Esse novo desenho exige realismo e matemática. Em cenários testados por consultorias e departamentos financeiros, regimes tradicionalmente associados a empresas de maior porte, como o Lucro Real, mostram-se mais eficientes quando há folha relevante, despesas dedutíveis expressivas ou forte incidência de insumos tributados que geram crédito; em outros, o Lucro Presumido preserva margem com simplicidade operacional.
A reforma ainda abriu a via do chamado regime híbrido para optantes do Simples, em que IBS e CBS são recolhidos fora do DAS; a contrapartida é maior complexidade de apuração e a necessidade de governança fiscal mais robusta, embora essa opção permita participar do jogo de créditos e, assim, reduzir o “custo invisível” para o cliente empresarial. Não há bala de prata; o que há é uma engenharia fina de comparações que precisa ser refeita diante de qualquer mudança relevante de mix de produtos, de fornecedores ou de carteira de clientes.

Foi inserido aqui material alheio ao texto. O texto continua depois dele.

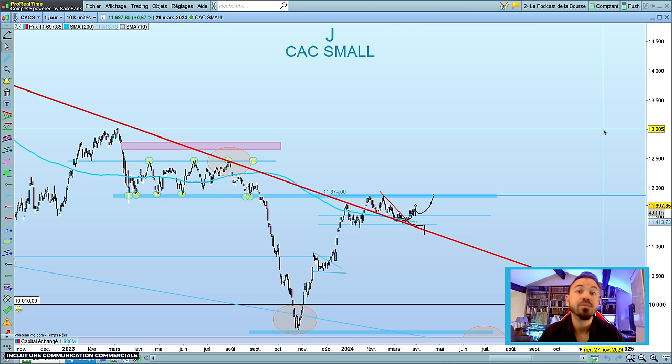Évidemment il faudra que les indices consolidident à plat mais surtout ne baissent pas fortement. Si les indices se mettent à chuter pour une raison qu'on ne connaît pas encore, il y a de très fortes probabilités que les small caps souffrent. À ce stade, ce n'est pas mon scénario principal. Mon scénario principal, c'est qu'on ait quelques semaines d'acalmie sur les indices et qu'éventuellement on ait cette fameuse rotation de flux.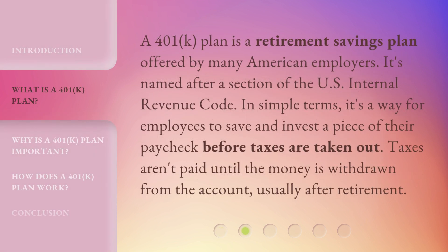A 401k plan is a retirement savings plan offered by many American employers. It's named after a section of the U.S. Internal Revenue Code. In simple terms, it's a way for employees to save and invest a piece of their paycheck before taxes are taken out. Taxes aren't paid until the money is withdrawn from the account, usually after retirement.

Também é ilusório supor que as empresas na ponta da cadeia, voltadas ao consumidor final, ficarão imunes. A reforma reorganiza preços relativos ao longo da cadeia e, quando fornecedores mudam de regime ou de alíquotas efetivas, esse efeito chega ao varejo; às vezes como pressão de custos, às vezes como oportunidade competitiva para quem estiver melhor posicionado no fluxo de créditos.
O peso da folha de salários continua sendo uma variável decisiva; setores que já recolhem contribuições previdenciárias fora do Simples têm menos degraus na transição para regimes não cumulativos, o que pode encurtar o caminho quando a matemática aponta nessa direção. Em certos casos, empresas mistas – que vendem tanto para consumidor final quanto para contribuinte empresarial – avaliam segmentar operações em CNPJs distintos para otimizar o aproveitamento de créditos sem perder simplicidade onde ela ainda gera ganho.

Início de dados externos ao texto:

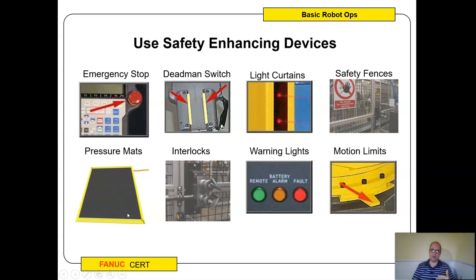Light curtains are often used — if you enter the light curtain, it can stop things. Safety fences, pressure mats, interlocks meaning both keys have to be turned, warning lights, and motion limits like physical screws that keep the robot from moving past certain points — all of these are meant to keep you safe. There are also collaborative robots being produced now that have extra pressure sensors, safety sensors, and speed sensors so that if you run into it, it will stop.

O calendário de transição, com fases que começam em 2026 e avançam em 2027, não deve anestesiar a tomada de decisão; ao contrário, é a janela para simular, comparar e testar processos. A orientação prática é menos glamourosa que qualquer promessa tecnológica, porém mais valiosa: garantir a integridade da presença digital e documental, mapear a jornada do cliente para saber quais dados importam, organizar informações de compras e de vendas com granularidade suficiente para medir créditos e débitos, e rodar cenários trimestrais que considerem preço, margem e capital de giro.
A partir daí, decidir com evidência e não por inércia. A reforma não torna o Simples automaticamente pior nem melhor; ela torna a escolha mais estratégica. Para alguns, permanecer será o caminho lógico; para outros, migrar reduzirá carga e aumentará margem; para muitos, o híbrido oferecerá um meio-termo exigente, porém compensador. O que a economia regional não pode é tratar 2026 e 2027 como datas distantes; são marcos para quem deseja atravessar a transição ganhando competitividade. A decisão correta começa antes da lei valer integralmente, com números na mesa, compreensão da posição na cadeia e disciplina de execução.